TRUMEDIQA: A Modular Trustworthy RAG Pipeline for Multilingual Medical Question Answering
Proceedings of the 8th Workshop on Clinical Natural Language Processing (Clinical NLP) @ LREC 2026
Abstract
Medical question answering systems must balance usefulness with safety, particularly in low-resource linguistic settings where robustness is limited and hallucinations can cause harm. We present TRUMEDIQA, a reproducible multilingual medical QA pipeline for Moroccan Darija, Arabic, French, and English, deployed on WhatsApp with text and voice interactions. TRUMEDIQA uses layered decision-making: (i) language identification, (ii) a pre-retrieval intent router that maps queries to one of 38 clinical FAQ categories to constrain retrieval, and (iii) post-retrieval LLM-based re-ranking that selects the best candidate answer or returns a null decision to trigger a safe fallback (abstention).
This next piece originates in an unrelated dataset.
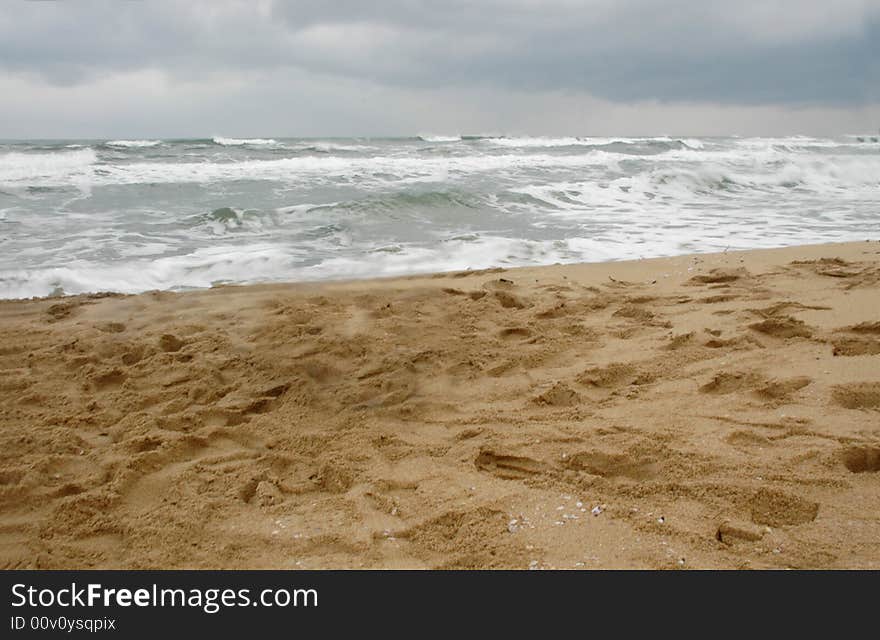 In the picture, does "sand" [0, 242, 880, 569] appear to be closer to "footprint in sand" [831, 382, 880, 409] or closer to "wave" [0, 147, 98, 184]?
"footprint in sand" [831, 382, 880, 409]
Answers are retrieved from a curated FAQ knowledge base validated by medical professionals. We evaluate TRUMEDIQA with 21 participants submitting 290 questions across four languages. An expert annotator labels each interaction as relevant, acceptable, or irrelevant, and we also measure correct abstentions when no suitable answer exists in the knowledge base. An ablation study shows that routing and re-ranking improve the weighted relevance score from 0.25 to 0.94 and precision from 0.53 to 0.98 versus a naïve retrieval baseline, while increasing correct abstention on unanswerable queries from 4.38% to 69.77%.